## Work request
Nothing should differ between your output and the entries below.

## Web page caption snippets
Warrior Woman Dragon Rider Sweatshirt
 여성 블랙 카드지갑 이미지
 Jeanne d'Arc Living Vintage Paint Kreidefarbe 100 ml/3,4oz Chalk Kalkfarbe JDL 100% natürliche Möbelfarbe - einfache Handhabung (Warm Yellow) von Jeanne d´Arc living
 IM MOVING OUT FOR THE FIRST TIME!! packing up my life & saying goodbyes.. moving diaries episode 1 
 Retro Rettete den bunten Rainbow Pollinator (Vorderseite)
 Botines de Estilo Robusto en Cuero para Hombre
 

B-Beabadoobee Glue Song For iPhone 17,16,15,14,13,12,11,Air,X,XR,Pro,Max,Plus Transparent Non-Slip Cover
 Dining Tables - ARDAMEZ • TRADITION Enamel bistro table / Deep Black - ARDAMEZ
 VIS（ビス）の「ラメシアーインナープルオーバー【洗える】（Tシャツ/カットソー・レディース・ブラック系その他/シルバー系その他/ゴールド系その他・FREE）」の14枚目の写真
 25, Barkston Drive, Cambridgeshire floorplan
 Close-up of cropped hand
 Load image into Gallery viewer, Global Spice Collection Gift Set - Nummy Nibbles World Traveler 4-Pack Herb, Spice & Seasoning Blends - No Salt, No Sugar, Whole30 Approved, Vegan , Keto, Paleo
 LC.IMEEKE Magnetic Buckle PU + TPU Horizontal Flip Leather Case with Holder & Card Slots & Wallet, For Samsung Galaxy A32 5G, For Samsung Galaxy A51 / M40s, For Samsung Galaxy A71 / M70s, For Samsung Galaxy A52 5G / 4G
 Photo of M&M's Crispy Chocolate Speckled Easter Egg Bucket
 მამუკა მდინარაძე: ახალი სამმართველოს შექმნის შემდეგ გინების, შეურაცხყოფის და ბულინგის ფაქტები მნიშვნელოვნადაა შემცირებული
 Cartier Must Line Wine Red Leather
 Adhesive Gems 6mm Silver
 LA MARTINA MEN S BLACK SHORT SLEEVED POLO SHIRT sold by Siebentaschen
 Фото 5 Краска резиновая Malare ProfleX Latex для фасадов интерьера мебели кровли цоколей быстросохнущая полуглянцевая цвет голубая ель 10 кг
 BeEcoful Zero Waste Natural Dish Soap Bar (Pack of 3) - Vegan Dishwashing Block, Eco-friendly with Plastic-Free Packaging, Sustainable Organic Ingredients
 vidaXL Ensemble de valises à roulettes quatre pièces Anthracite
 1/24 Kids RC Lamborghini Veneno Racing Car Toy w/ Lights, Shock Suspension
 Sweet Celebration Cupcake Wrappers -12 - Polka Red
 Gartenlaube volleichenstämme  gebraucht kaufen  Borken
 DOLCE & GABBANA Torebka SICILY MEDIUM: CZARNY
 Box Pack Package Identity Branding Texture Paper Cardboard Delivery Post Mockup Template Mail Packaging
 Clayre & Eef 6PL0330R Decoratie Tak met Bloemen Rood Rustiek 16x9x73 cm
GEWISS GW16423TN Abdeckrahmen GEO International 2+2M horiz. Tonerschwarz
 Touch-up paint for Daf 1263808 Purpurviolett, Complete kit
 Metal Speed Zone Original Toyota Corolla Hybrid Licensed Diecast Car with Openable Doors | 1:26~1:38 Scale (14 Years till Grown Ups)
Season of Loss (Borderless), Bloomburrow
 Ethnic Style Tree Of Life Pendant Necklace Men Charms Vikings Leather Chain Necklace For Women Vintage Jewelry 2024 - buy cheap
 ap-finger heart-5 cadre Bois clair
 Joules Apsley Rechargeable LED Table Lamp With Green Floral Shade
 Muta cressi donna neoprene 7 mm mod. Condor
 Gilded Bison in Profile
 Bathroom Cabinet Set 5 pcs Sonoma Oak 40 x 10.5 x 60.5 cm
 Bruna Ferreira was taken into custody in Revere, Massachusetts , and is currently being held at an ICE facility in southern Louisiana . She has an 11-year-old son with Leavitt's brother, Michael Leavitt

## Finished exercise
Warrior Woman Dragon Rider Sweatshirt
 여성 블랙 카드지갑 이미지
 Jeanne d'Arc Living Vintage Paint Kreidefarbe 100 ml/3,4oz Chalk Kalkfarbe JDL 100% natürliche Möbelfarbe - einfache Handhabung (Warm Yellow) von Jeanne d´Arc living
 IM MOVING OUT FOR THE FIRST TIME!! packing up my life & saying goodbyes.. moving diaries episode 1 
 Retro Rettete den bunten Rainbow Pollinator (Vorderseite)
 Botines de Estilo Robusto en Cuero para Hombre
 

B-Beabadoobee Glue Song For iPhone 17,16,15,14,13,12,11,Air,X,XR,Pro,Max,Plus Transparent Non-Slip Cover
 Dining Tables - ARDAMEZ • TRADITION Enamel bistro table / Deep Black - ARDAMEZ
 VIS（ビス）の「ラメシアーインナープルオーバー【洗える】（Tシャツ/カットソー・レディース・ブラック系その他/シルバー系その他/ゴールド系その他・FREE）」の14枚目の写真
 25, Barkston Drive, Cambridgeshire floorplan
 Close-up of cropped hand
 Load image into Gallery viewer, Global Spice Collection Gift Set - Nummy Nibbles World Traveler 4-Pack Herb, Spice & Seasoning Blends - No Salt, No Sugar, Whole30 Approved, Vegan , Keto, Paleo
 LC.IMEEKE Magnetic Buckle PU + TPU Horizontal Flip Leather Case with Holder & Card Slots & Wallet, For Samsung Galaxy A32 5G, For Samsung Galaxy A51 / M40s, For Samsung Galaxy A71 / M70s, For Samsung Galaxy A52 5G / 4G
 Photo of M&M's Crispy Chocolate Speckled Easter Egg Bucket
 მამუკა მდინარაძე: ახალი სამმართველოს შექმნის შემდეგ გინების, შეურაცხყოფის და ბულინგის ფაქტები მნიშვნელოვნადაა შემცირებული
 Cartier Must Line Wine Red Leather
 Adhesive Gems 6mm Silver
 LA MARTINA MEN S BLACK SHORT SLEEVED POLO SHIRT sold by Siebentaschen
 Фото 5 Краска резиновая Malare ProfleX Latex для фасадов интерьера мебели кровли цоколей быстросохнущая полуглянцевая цвет голубая ель 10 кг
 BeEcoful Zero Waste Natural Dish Soap Bar (Pack of 3) - Vegan Dishwashing Block, Eco-friendly with Plastic-Free Packaging, Sustainable Organic Ingredients
 vidaXL Ensemble de valises à roulettes quatre pièces Anthracite
 1/24 Kids RC Lamborghini Veneno Racing Car Toy w/ Lights, Shock Suspension
 Sweet Celebration Cupcake Wrappers -12 - Polka Red
 Gartenlaube volleichenstämme  gebraucht kaufen  Borken
 DOLCE & GABBANA Torebka SICILY MEDIUM: CZARNY
 Box Pack Package Identity Branding Texture Paper Cardboard Delivery Post Mockup Template Mail Packaging
 Clayre & Eef 6PL0330R Decoratie Tak met Bloemen Rood Rustiek 16x9x73 cm
GEWISS GW16423TN Abdeckrahmen GEO International 2+2M horiz. Tonerschwarz
 Touch-up paint for Daf 1263808 Purpurviolett, Complete kit
 Metal Speed Zone Original Toyota Corolla Hybrid Licensed Diecast Car with Openable Doors | 1:26~1:38 Scale (14 Years till Grown Ups)
Season of Loss (Borderless), Bloomburrow
 Ethnic Style Tree Of Life Pendant Necklace Men Charms Vikings Leather Chain Necklace For Women Vintage Jewelry 2024 - buy cheap
 ap-finger heart-5 cadre Bois clair
 Joules Apsley Rechargeable LED Table Lamp With Green Floral Shade
 Muta cressi donna neoprene 7 mm mod. Condor
 Gilded Bison in Profile
 Bathroom Cabinet Set 5 pcs Sonoma Oak 40 x 10.5 x 60.5 cm
 Bruna Ferreira was taken into custody in Revere, Massachusetts , and is currently being held at an ICE facility in southern Louisiana . She has an 11-year-old son with Leavitt's brother, Michael Leavitt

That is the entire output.